Saint John Nepomucene Neumann died on January 5, 1860 at the age of 48. Prior to his death he wrote countless newspaper articles, two catechisms, and many Catholic works in varied languages (some reports indicate he spoke 12 languages fluently prior to his death!) Saint John was the first saint canonized from the Americas!

Saint John’s life is one of struggle and disappointment, yet one of dedication to the call of the Lord and perseverance in meeting that call. His humility and service remains inspirational to us today as we face struggles and work to discern the Lord’s plan in our lives!

Selected Quotations of Saint John Neumann:
”My God, how great Thou art, how wonderful in all Thy works! Teach me Thy will that I may begin and end all my actions for Thy greater glory.

Speak to me, 0 my God, let me know Thy will, for behold I am ready to fulfill Thy every command. The difficult, the irksome, I will patiently endure for love of Thee.

0 my God, I thank Thee for the love Thou hast planted in my heart. I will cultivate this precious flower. I will guard it night and day that nothing may injure it. Do Thou, 0 Lord, water it with the dew of Thy grace.”

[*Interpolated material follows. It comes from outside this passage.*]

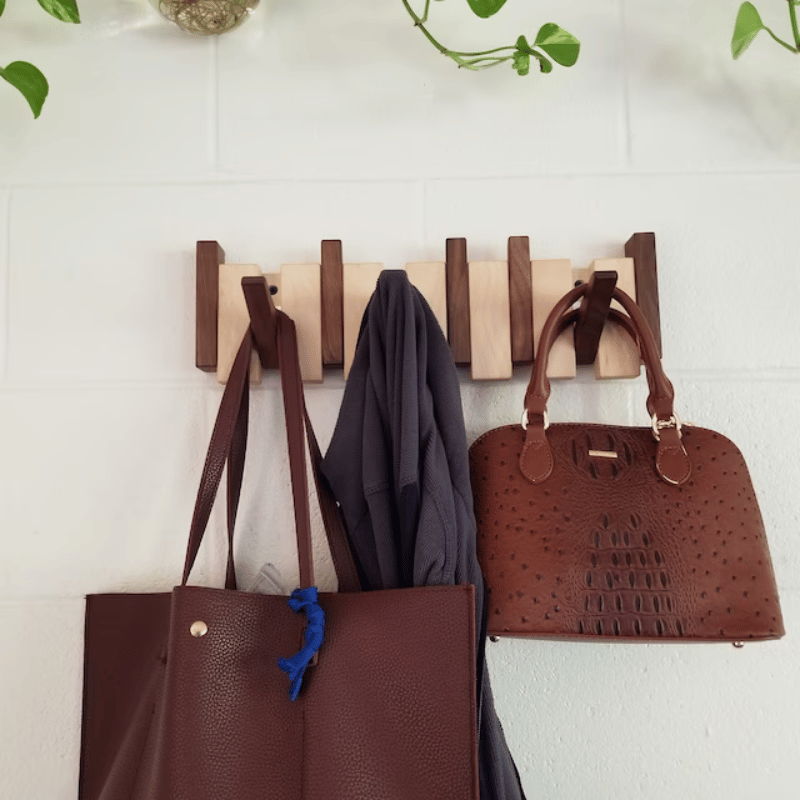 Wall-mounted solid wood coat rack with folding hooks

“Everyone who breathes, high and low, educated and ignorant, young and old, man and woman, has a mission, has a work. We are not sent into this world for nothing; we are not born at random; we are not here, that we may go to bed at night, and get up in the morning, toil for our bread, eat and drink, laugh and joke, sin when we have a mind, and reform when we are tired of sinning, rear a family and die. God sees every one of us; He creates every soul, . . . for a purpose. He needs, He deigns to need, every one of us. He has an end for each of us; we are all equal in His sight, and we are placed in our different ranks and stations, not to get what we can out of them for ourselves, but to labor in them for Him. As Christ has His work, we too have ours; as He rejoiced to do His work, we must rejoice in ours also.”

"A man must always be ready, for death comes when and where God wills it."

Merciful Father, You have given me all that I have in this world, even life itself. In all my daily needs, help me to remember the needs of others too. Make me aware of the need to pray to You not just for myself but for the Church, the Pope, for the clergy and for people who suffer any need. Make me as selfless as Saint John Neumann. Throughout my life, give me the grace to direct my first thoughts to the service of You and of others. Make my prayer - “Your will be done” knowing that in Your mercy and love, Your will for me is my sanctification. I ask this through Jesus Christ, Our Lord. Amen.

Looking Back: Last year’s brief post on Saint John Neumann

Year 2: Day 5 of 365
Prayer Intentions: Perseverance and Dedication to the Lord
Requested Intentions: Healing of son, cousin, and friend (L); Healing of a husband from cancer, end to medical problems (T); Freedom from persecution (E); Successful employment (R); Reconciliation of a marriage (M); Successful marriage, employment, healing (J); For a family struggling with a difficult situation (M); For family intentions (I); Reconciliation of a marriage (S); For blessings upon a family (R); Permanent employment (N); Successful employment (M); Healing of a father following stroke (S).